Short descriptive text snippets

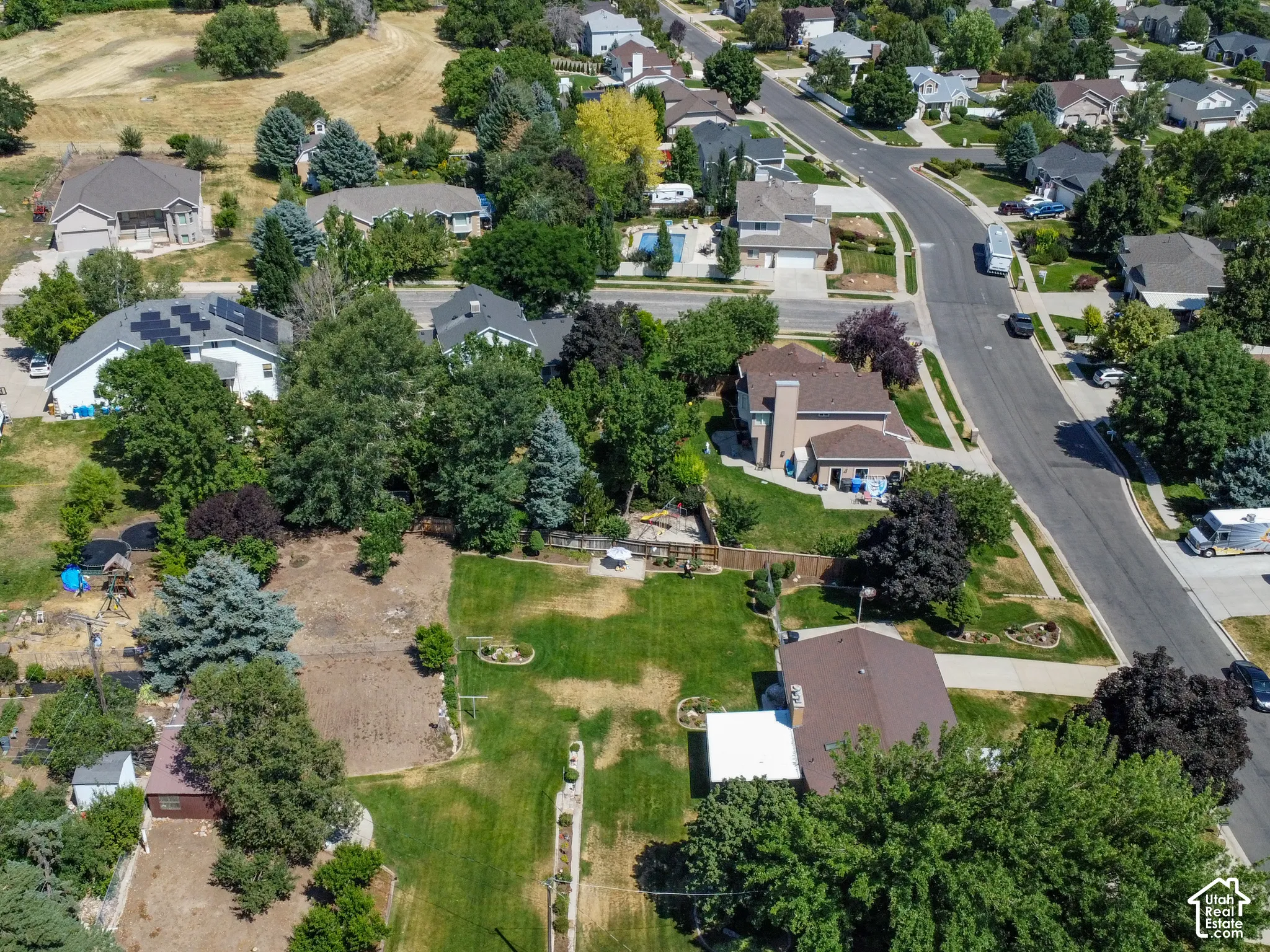 Expansive property featuring a large undeveloped lot, mature trees, and existing landscaping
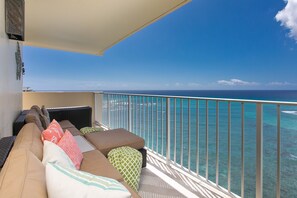 A balcony with a sofa and cushions, overlooking a clear blue sea.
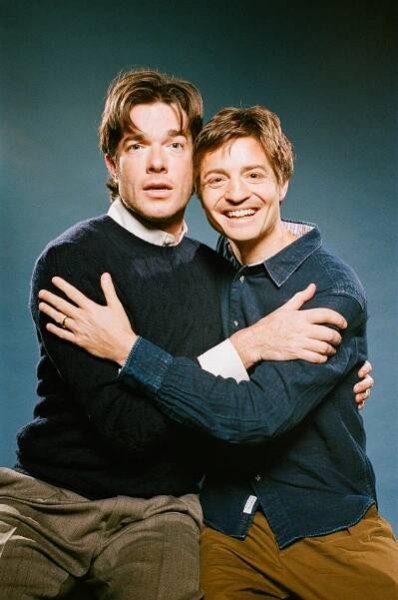 John Mulaney, in a navy blue sweater, and Simon Rich, in a button-up denim jean shirt, are sitting side by side and looking forward while embracing. 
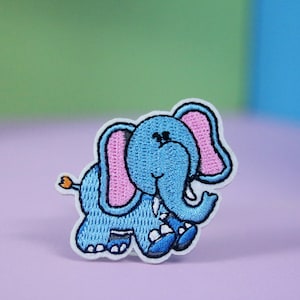 Pode incluir: Um remendo bordado de um elefante azul com orelhas cor-de-rosa. O elefante está andando e tem uma pequena cauda laranja.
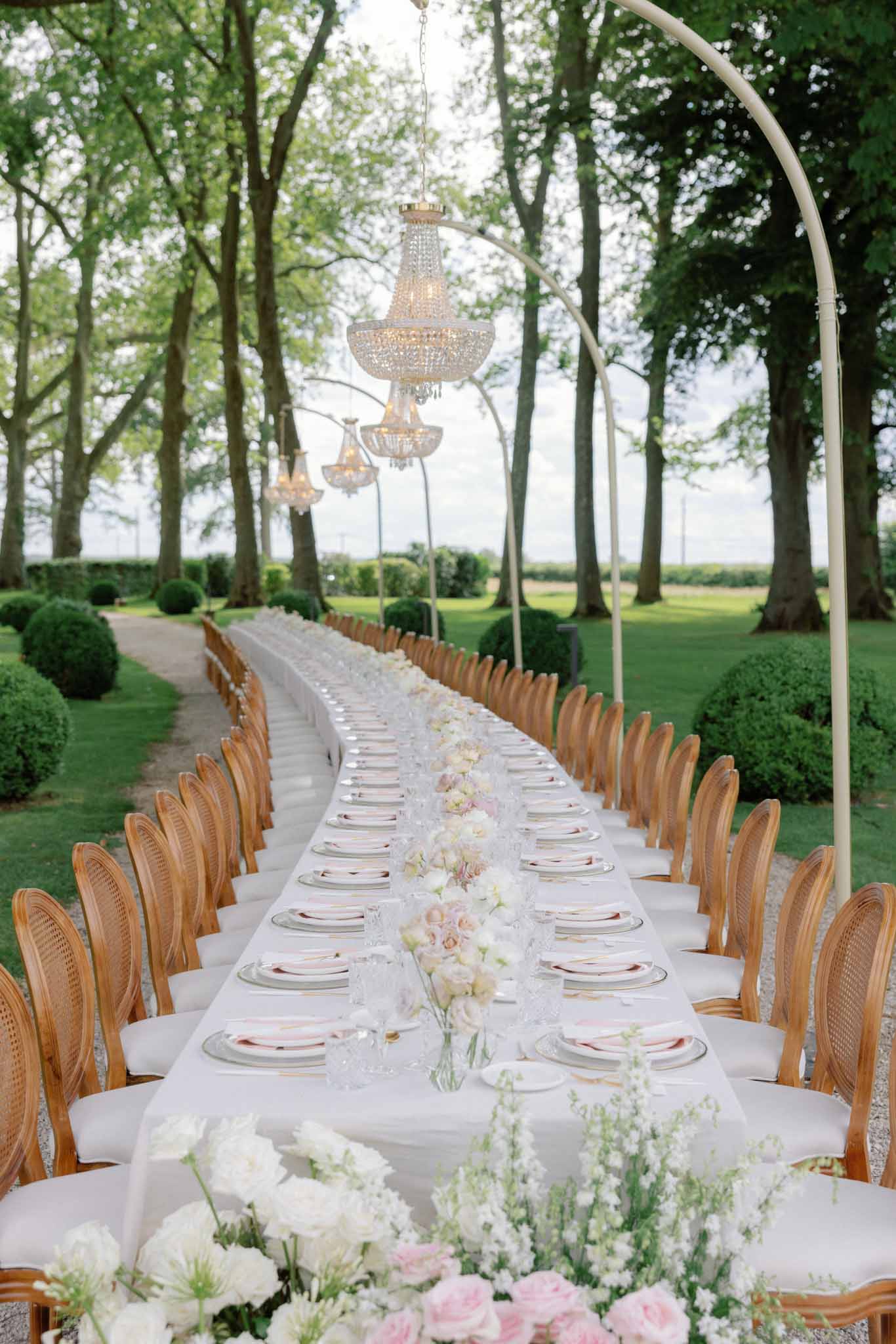 Outdoor reception table in tree-lined garden alley with white and pink floral runner and crystal chandelier pendants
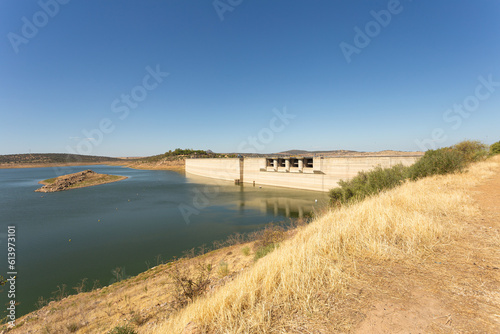 General view of the swamp dam in the area where it contains water. Hydroelectric power station. The water level is high despite the drought. There is a small mound in the middle of the water. Spain. 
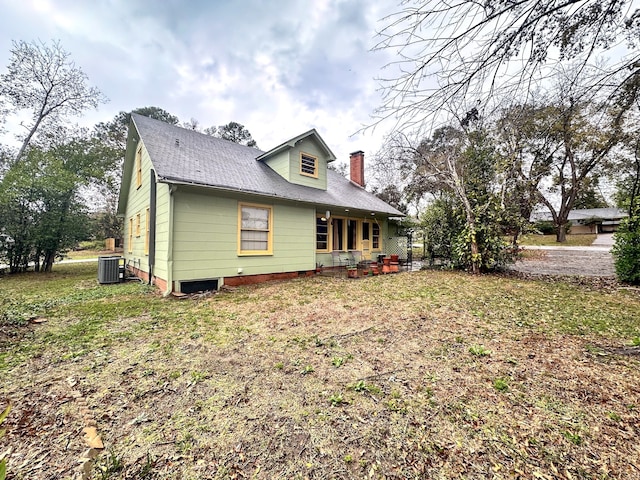 view of side of home with central AC and a lawn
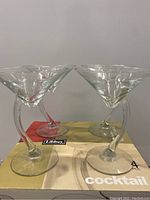 Four Libbey Bravura Martini Glasses on top of their original box showing twisted stem design and clear glass material.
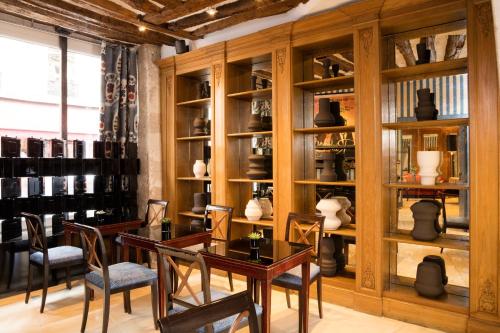 uma sala com mesas e cadeiras e prateleiras com vasos em Hôtel Saint Germain em Paris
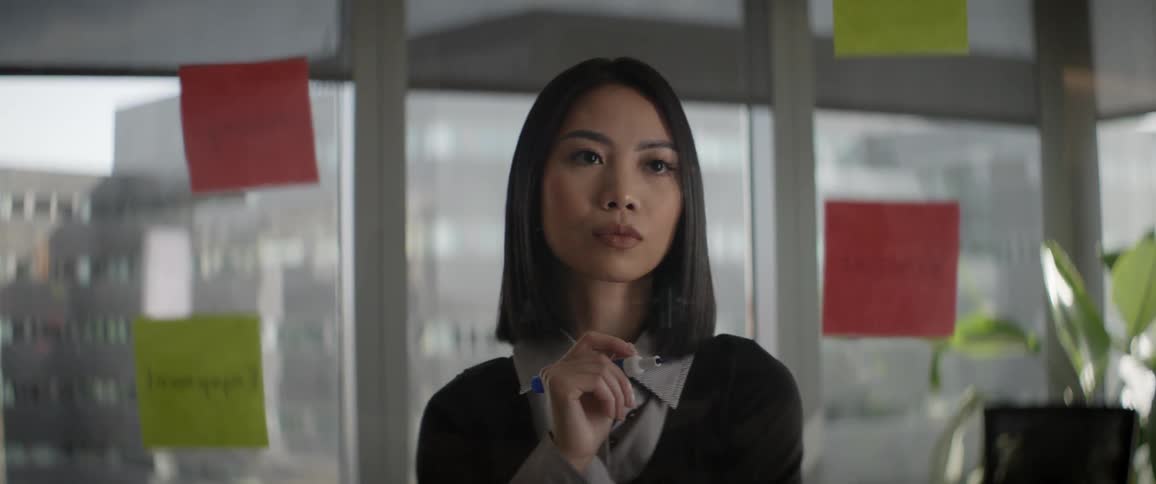 A focused Asian businesswoman in a modern office thoughtfully strategizes while looking at a glass wall covered in colorful sticky notes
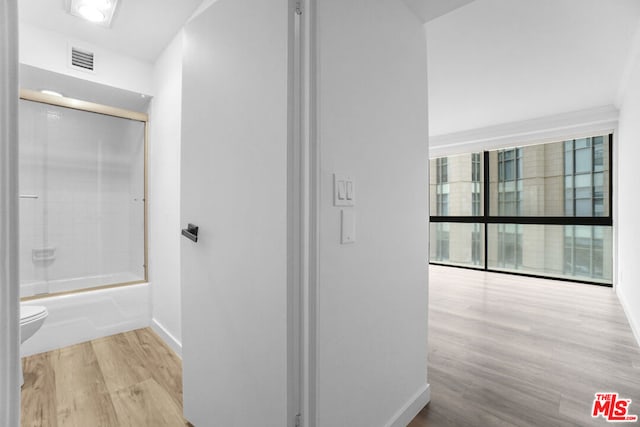 bathroom with toilet, bath / shower combo with glass door, and hardwood / wood-style flooring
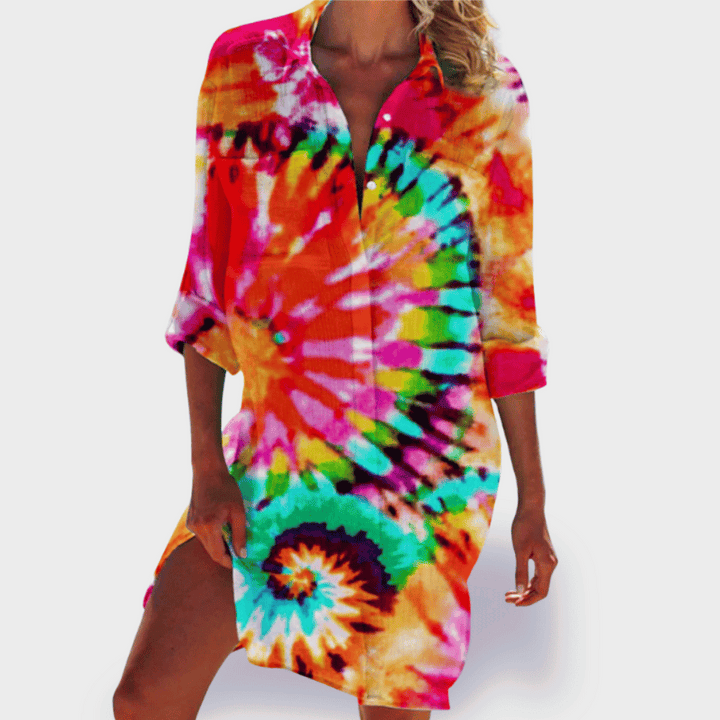 Colorful flowing summer dress with a relaxed fit and vibrant pattern.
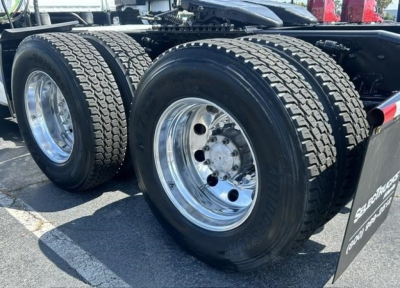 Freightliner Cascadia 126 truck rear wheel assembly showing dual rear axles and chrome rims.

• **Your instructions**
With the pictures left aside, set down each entry above exactly as it stands.

• **Written answer**
 Expansive property featuring a large undeveloped lot, mature trees, and existing landscaping
 A balcony with a sofa and cushions, overlooking a clear blue sea.
 John Mulaney, in a navy blue sweater, and Simon Rich, in a button-up denim jean shirt, are sitting side by side and looking forward while embracing. 
 Pode incluir: Um remendo bordado de um elefante azul com orelhas cor-de-rosa. O elefante está andando e tem uma pequena cauda laranja.
 Outdoor reception table in tree-lined garden alley with white and pink floral runner and crystal chandelier pendants
 General view of the swamp dam in the area where it contains water. Hydroelectric power station. The water level is high despite the drought. There is a small mound in the middle of the water. Spain. 
 view of side of home with central AC and a lawn
 Four Libbey Bravura Martini Glasses on top of their original box showing twisted stem design and clear glass material.
 uma sala com mesas e cadeiras e prateleiras com vasos em Hôtel Saint Germain em Paris
 A focused Asian businesswoman in a modern office thoughtfully strategizes while looking at a glass wall covered in colorful sticky notes
 bathroom with toilet, bath / shower combo with glass door, and hardwood / wood-style flooring
 Colorful flowing summer dress with a relaxed fit and vibrant pattern.
 Freightliner Cascadia 126 truck rear wheel assembly showing dual rear axles and chrome rims.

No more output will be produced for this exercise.